[Records contained in a dataset]
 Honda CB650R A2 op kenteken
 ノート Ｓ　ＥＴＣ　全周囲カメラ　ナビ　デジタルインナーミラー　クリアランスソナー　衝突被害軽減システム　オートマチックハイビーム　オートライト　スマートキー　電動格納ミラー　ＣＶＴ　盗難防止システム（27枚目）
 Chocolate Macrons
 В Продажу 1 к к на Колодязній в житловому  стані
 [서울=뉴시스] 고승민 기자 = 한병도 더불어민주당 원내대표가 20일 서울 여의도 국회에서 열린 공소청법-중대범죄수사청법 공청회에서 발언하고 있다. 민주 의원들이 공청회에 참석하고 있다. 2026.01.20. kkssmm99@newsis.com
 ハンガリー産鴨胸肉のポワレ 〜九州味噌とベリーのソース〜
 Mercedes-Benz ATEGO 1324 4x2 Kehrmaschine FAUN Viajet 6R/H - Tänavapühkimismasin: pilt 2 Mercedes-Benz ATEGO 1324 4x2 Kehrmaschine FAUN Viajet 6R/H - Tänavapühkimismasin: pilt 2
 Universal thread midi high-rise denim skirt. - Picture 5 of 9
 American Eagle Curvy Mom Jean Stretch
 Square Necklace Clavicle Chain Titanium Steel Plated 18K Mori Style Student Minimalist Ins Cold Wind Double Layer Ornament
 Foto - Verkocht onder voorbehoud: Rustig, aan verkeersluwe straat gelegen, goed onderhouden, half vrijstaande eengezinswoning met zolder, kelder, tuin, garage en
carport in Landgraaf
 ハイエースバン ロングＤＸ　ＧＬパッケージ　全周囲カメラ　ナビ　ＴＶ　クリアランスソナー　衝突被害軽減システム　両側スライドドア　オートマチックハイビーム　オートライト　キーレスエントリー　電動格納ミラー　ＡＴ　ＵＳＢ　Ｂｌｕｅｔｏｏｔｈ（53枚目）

» **Task to carry out**: Report all lines in the records that include the string "電動格納ミラー".

» **Task solution**:
 ノート Ｓ　ＥＴＣ　全周囲カメラ　ナビ　デジタルインナーミラー　クリアランスソナー　衝突被害軽減システム　オートマチックハイビーム　オートライト　スマートキー　電動格納ミラー　ＣＶＴ　盗難防止システム（27枚目）
 ハイエースバン ロングＤＸ　ＧＬパッケージ　全周囲カメラ　ナビ　ＴＶ　クリアランスソナー　衝突被害軽減システム　両側スライドドア　オートマチックハイビーム　オートライト　キーレスエントリー　電動格納ミラー　ＡＴ　ＵＳＢ　Ｂｌｕｅｔｏｏｔｈ（53枚目）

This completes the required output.